# Can feces buildup in the shell cause problems?



## bourgeoiscaesar (Nov 1, 2017)

Gave my sulcata a soak and a cleaning today and noticed a good bit of feces built up in the shell. It wasn’t dried or impacted or anything, just very fiber-y, I’m assuming from the grass he eats outside. Is this anything to worry about? I managed to clean it out without issues, and he can poop without any issues, so it doesn’t seem to be affecting him. Just wanted to make sure there isn’t any kind of sanitation issue or anything this could cause.


----------



## JoesMum (Nov 1, 2017)

They have a bad habit of walking through their fresh poop. Regular soaks will loosen it and keep him clean. Otherwise don’t worry about their total lack of hygiene - at least he wasn’t eating the poop (they do sometimes!)


----------



## Yvonne G (Nov 1, 2017)

Yes, it can. Baby desert tortoises are prone to having this problem. I'm referring to feces stuck around the vent (cloaca) area. A baby will poop and it doesn't drop off, but stays in place and hardens. Then he poops again. Eventually this poop causes him to become constipated because he is unable to get any more poop out. Many's the time I've had to clean stuck on poop off a baby desert tortoise's tail. Soaking daily helps keep the poop off.

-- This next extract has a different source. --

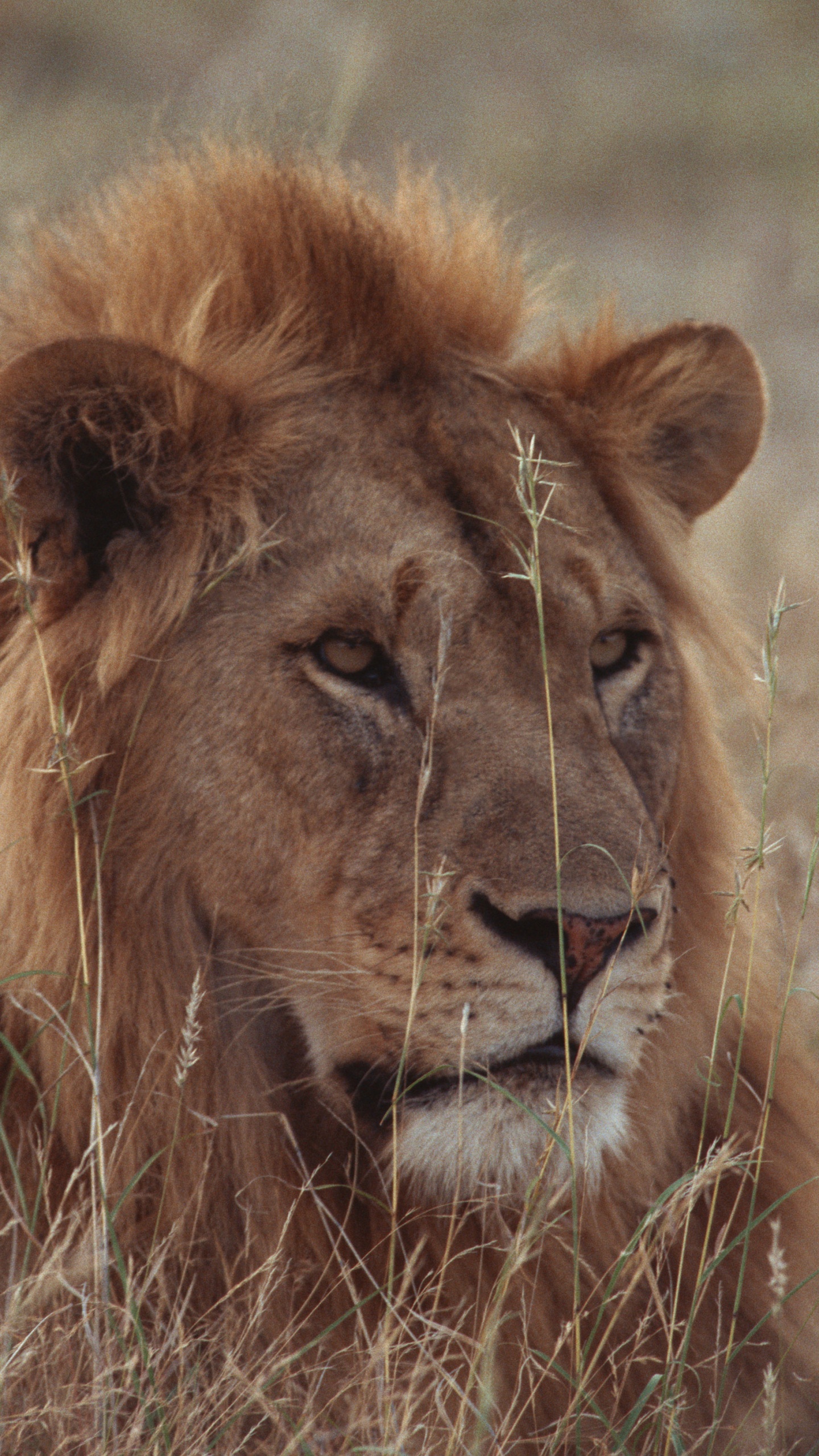 Lion Brun Allongé Sur L'herbe Verte Pendant la Journée. Wallpaper in 1440x2560 Resolution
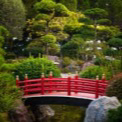 時羽(トキハ)先生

If you're just talking about odd bits and pieces of poop stuck to the bottom of the shell (plastron), no, it probably won't cause any harm. Try to keep the poop picked up daily and it's easier to keep it off the tortoise.


----------



## TammyJ (Nov 1, 2017)

A regular warm early morning soak is a good way to get them to poop - in the water, and help mitigate this problem.
I don't know how often a tortoise should poop, I guess it depends on what kind he is and what he eats, temperatures, etc.
I would think that the desert tortoises in the wild would be more likely to have the poop sticking problem due to their dry environment..?


----------